Work to complete: All entries must be repeated exactly. No picture should appear in the result.

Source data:
* * * *
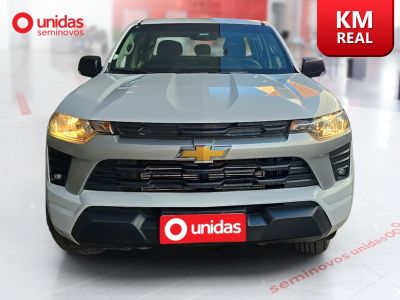 CHEVROLET S10 WT 2.8CTDi 16v 4x4 C.D. 2025 - miniatura 2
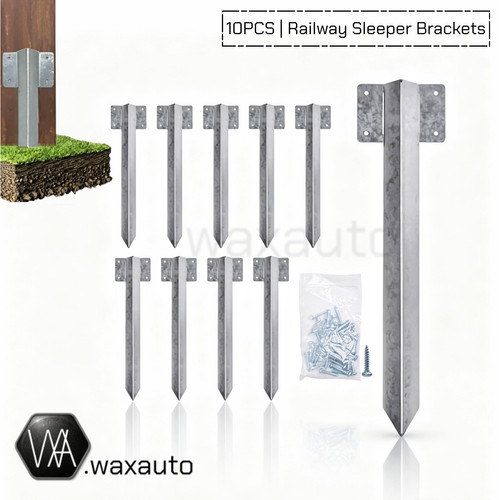 Pack heavy duty sleeper - 10,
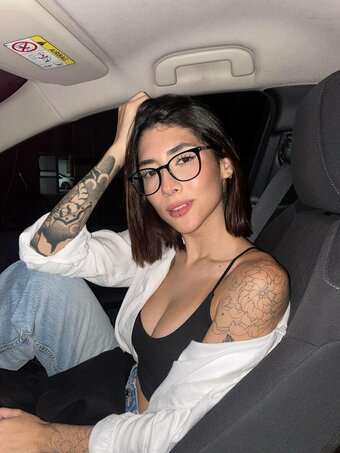 Hada69696 / hada96 Nude Leaks Photo 14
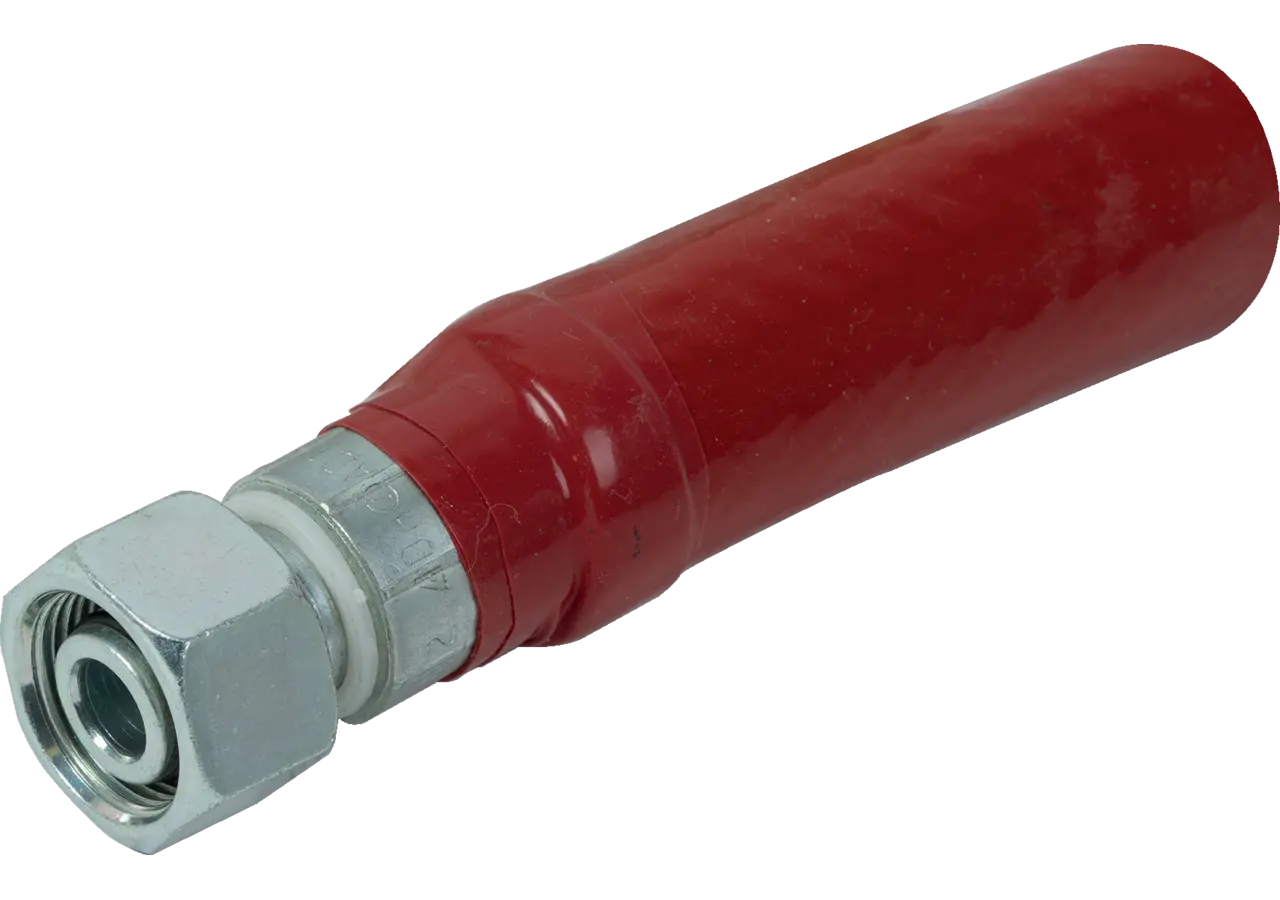 Klebeband Flammschutz 25 mm, 3 m GartenShop24 - Hochwertige Gartengeräte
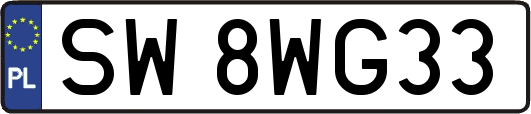 SW8WG33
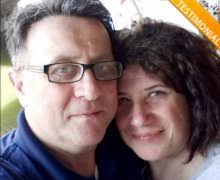 Testimonial (english)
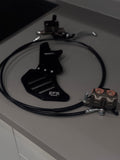 EFS Ultra bee brake for surron lbx and eride pro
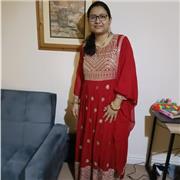 Bhumika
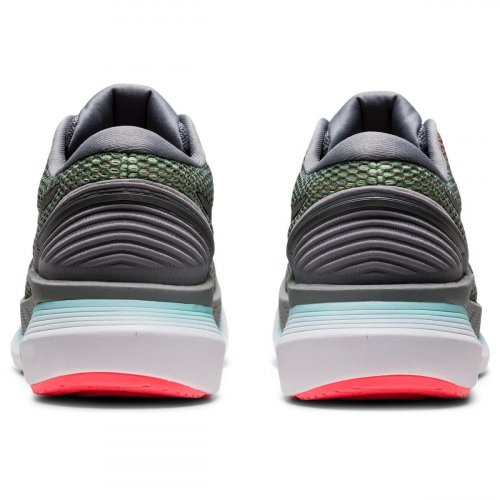 Кроссовки ASICS GlideRide 2 LITE-SHOW жен. зеленый 6H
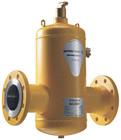 Spirotech SpiroVent Lucht- en/of vuilafscheider | HA050F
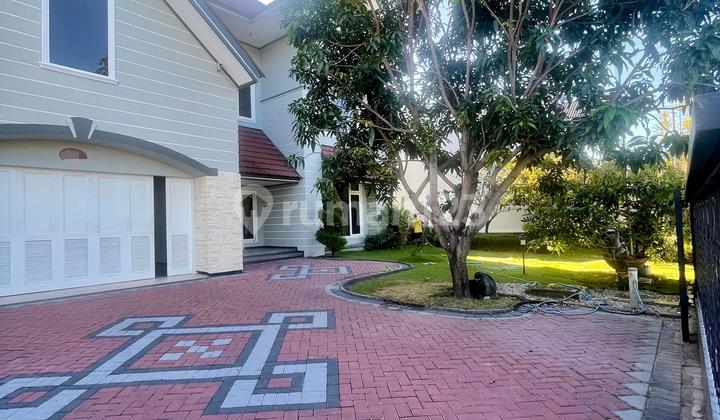 Araya1 Galaxy Bumi Permai Jual Rumah Mewah Strategis Jl Boulevard Araya1 Galaxy Bumi Permai Jual Rumah Mewah Strategis Jl Boulevard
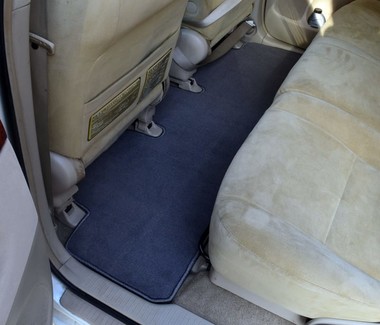 Коврики на Toyota Ipsum II 2001 - 2009 в Ижевске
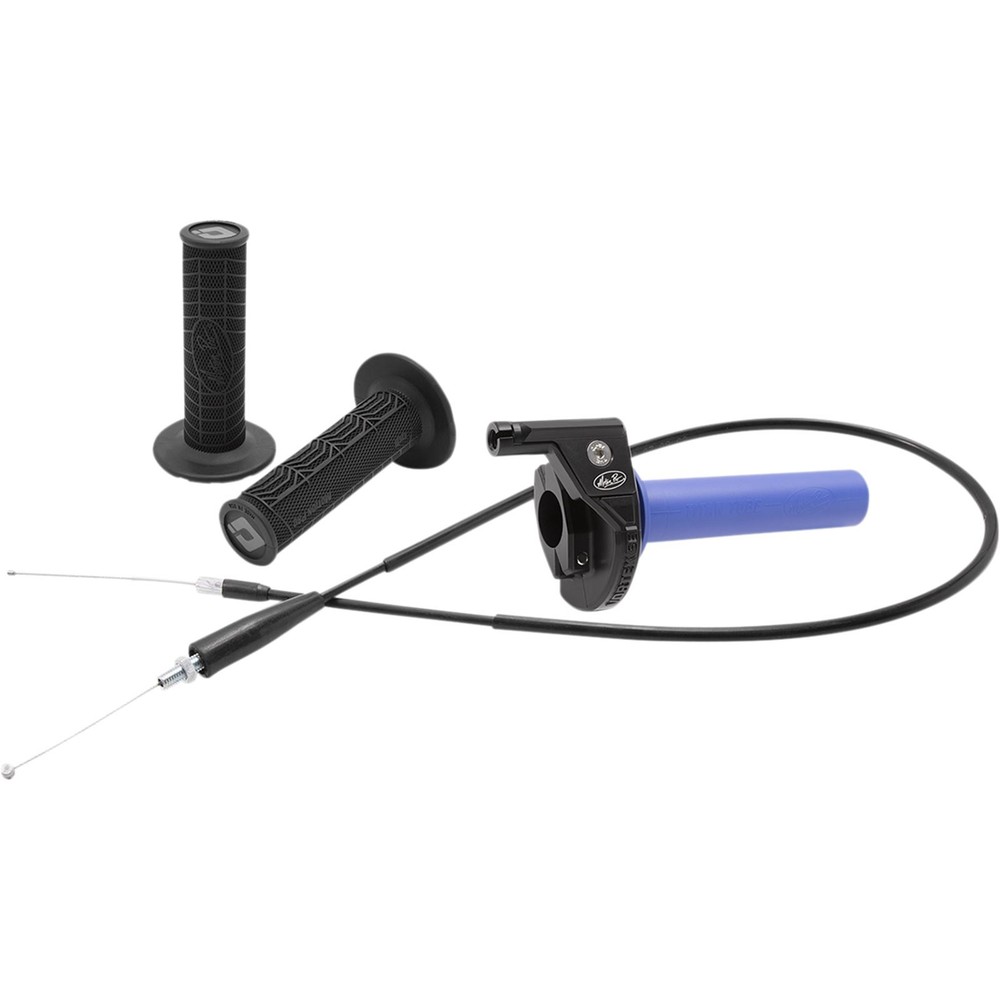 Motion Pro Vortex™ SE Throttle Kit for Yamaha 01-2824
* * * *
Result of the task:
 CHEVROLET S10 WT 2.8CTDi 16v 4x4 C.D. 2025 - miniatura 2
 Pack heavy duty sleeper - 10,
 Hada69696 / hada96 Nude Leaks Photo 14
 Klebeband Flammschutz 25 mm, 3 m GartenShop24 - Hochwertige Gartengeräte
 SW8WG33
 Testimonial (english)
 EFS Ultra bee brake for surron lbx and eride pro
 Bhumika
 Кроссовки ASICS GlideRide 2 LITE-SHOW жен. зеленый 6H
 Spirotech SpiroVent Lucht- en/of vuilafscheider | HA050F
 Araya1 Galaxy Bumi Permai Jual Rumah Mewah Strategis Jl Boulevard Araya1 Galaxy Bumi Permai Jual Rumah Mewah Strategis Jl Boulevard
 Коврики на Toyota Ipsum II 2001 - 2009 в Ижевске
 Motion Pro Vortex™ SE Throttle Kit for Yamaha 01-2824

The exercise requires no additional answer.